TASK TO CARRY OUT:
Copy the records below exactly, starting at the line that contains "稻香村 雪遇香月月饼礼盒729g中秋月饼礼盒" and ending at the line that contains "2 Pack Dog Chew"; leave out any pictures.

EXCERPTED RECORDS:
::::

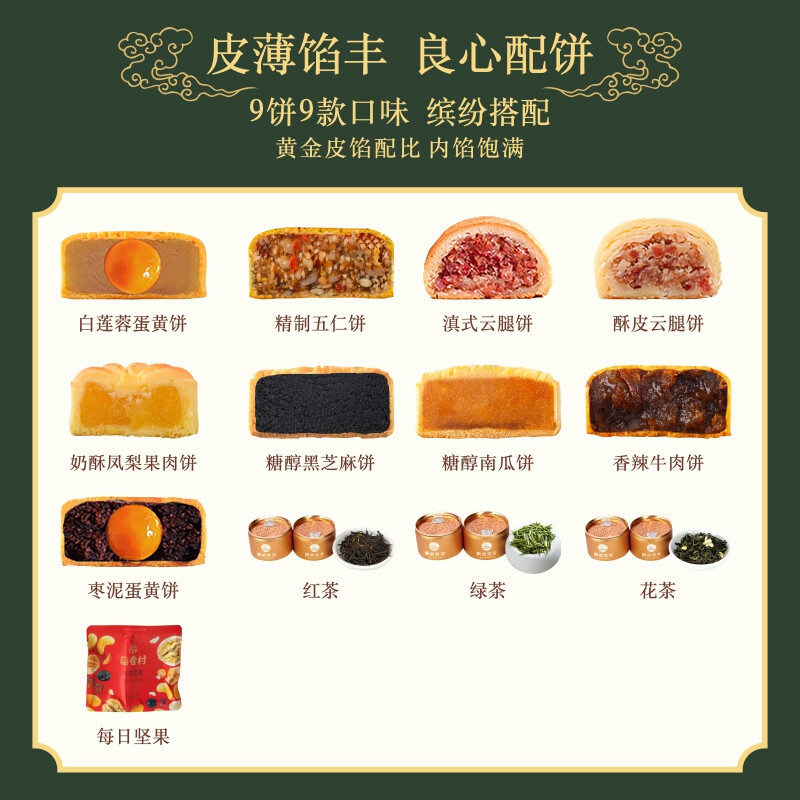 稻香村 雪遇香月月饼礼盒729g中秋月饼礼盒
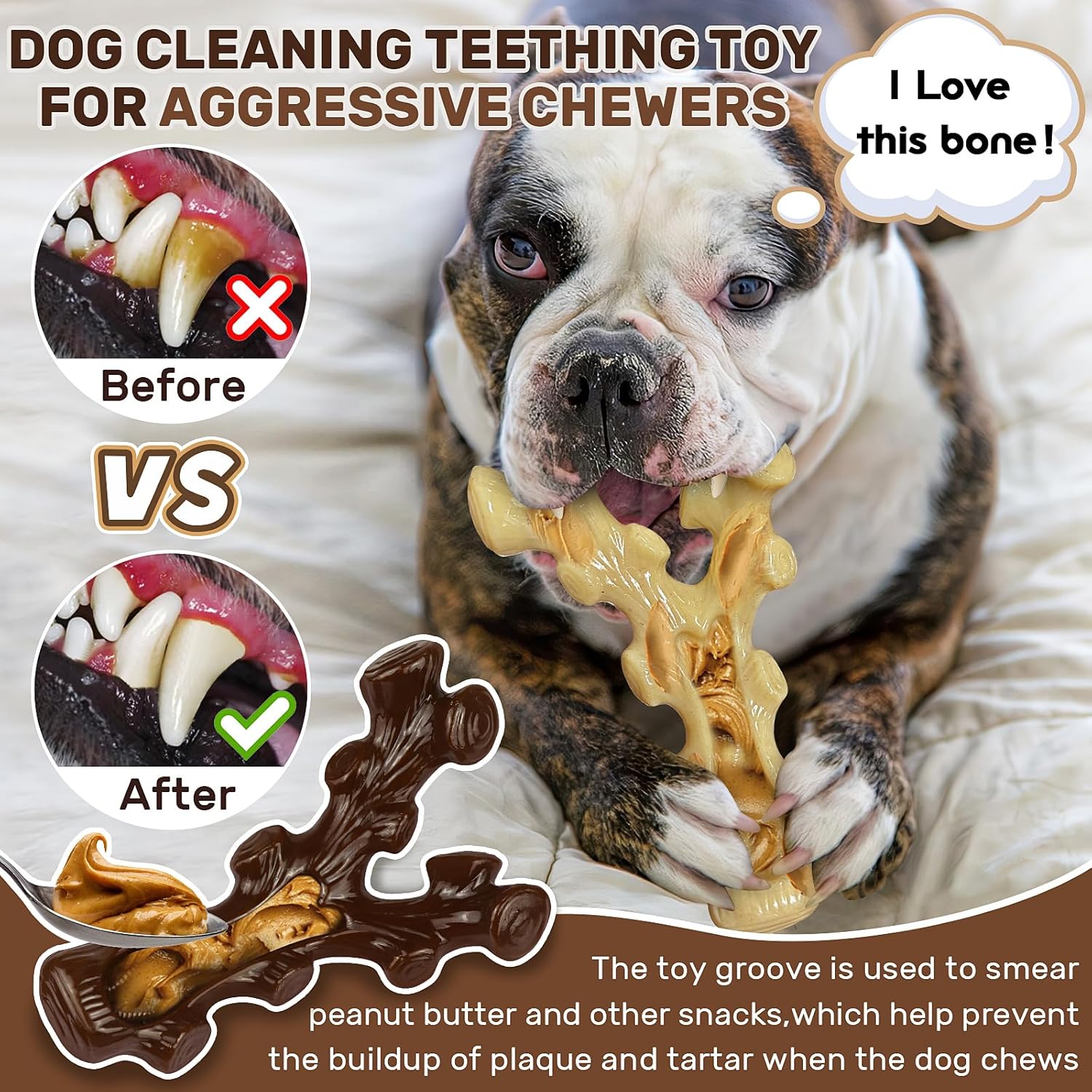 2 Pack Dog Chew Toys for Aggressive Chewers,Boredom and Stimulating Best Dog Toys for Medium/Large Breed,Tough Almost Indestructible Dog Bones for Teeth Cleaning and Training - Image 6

::::

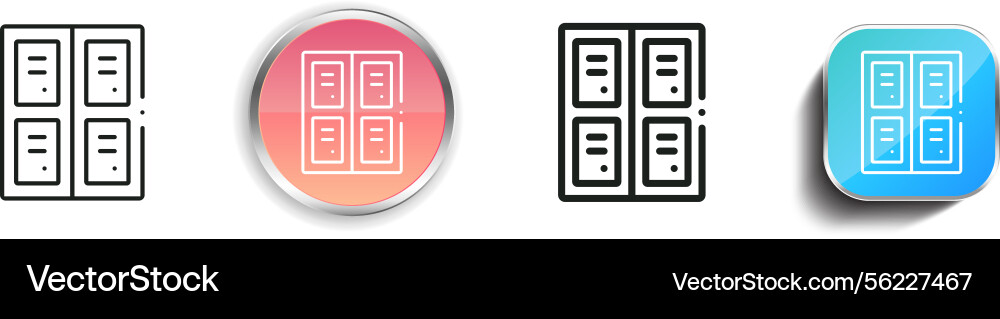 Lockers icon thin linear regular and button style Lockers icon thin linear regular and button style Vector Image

::::

EXPECTED ANSWER:
 稻香村 雪遇香月月饼礼盒729g中秋月饼礼盒
 2 Pack Dog Chew Toys for Aggressive Chewers,Boredom and Stimulating Best Dog Toys for Medium/Large Breed,Tough Almost Indestructible Dog Bones for Teeth Cleaning and Training - Image 6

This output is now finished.